What is needed:
What you should copy is the line containing "this 640×480 image." and all lines after it in the entries below, exactly and without anything added.

=== Begin Enclosure ===

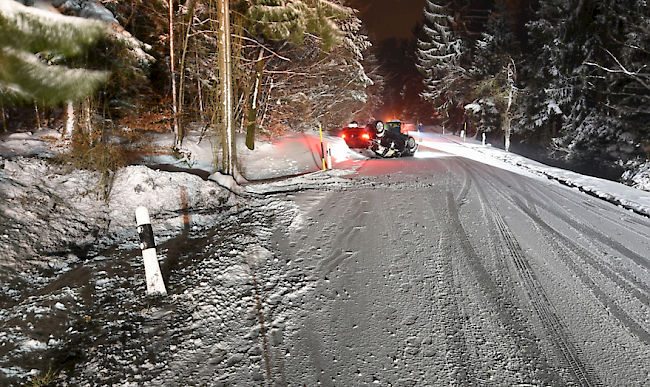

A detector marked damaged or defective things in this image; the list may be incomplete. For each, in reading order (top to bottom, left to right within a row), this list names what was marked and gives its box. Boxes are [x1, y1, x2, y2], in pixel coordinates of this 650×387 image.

overturned car [340, 120, 416, 158]
crashed vehicle [364, 120, 416, 158]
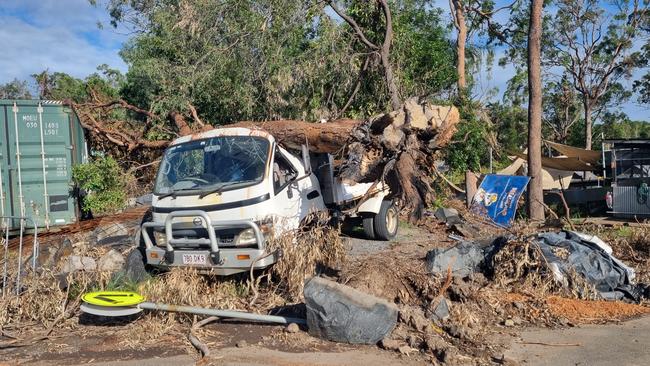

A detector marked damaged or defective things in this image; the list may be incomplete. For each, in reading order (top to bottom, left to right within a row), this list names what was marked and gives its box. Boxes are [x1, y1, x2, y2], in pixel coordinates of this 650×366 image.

broken windshield [153, 137, 270, 194]
crushed truck cab [138, 127, 394, 274]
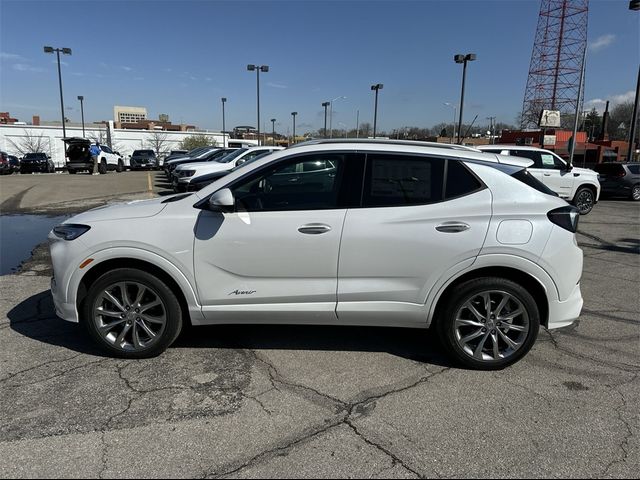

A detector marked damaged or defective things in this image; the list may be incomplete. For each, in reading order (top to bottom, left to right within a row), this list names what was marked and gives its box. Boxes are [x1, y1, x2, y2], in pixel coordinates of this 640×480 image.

cracked pavement [0, 197, 636, 478]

=== End Enclosure ===

Solution:
A detector marked damaged or defective things in this image; the list may be incomplete. For each, in reading order (top to bottom, left to right within a row), this list names what was marked and gives its box. Boxes are [x1, y1, x2, y2], in pixel coordinates of this 640×480 image.

cracked pavement [0, 197, 636, 478]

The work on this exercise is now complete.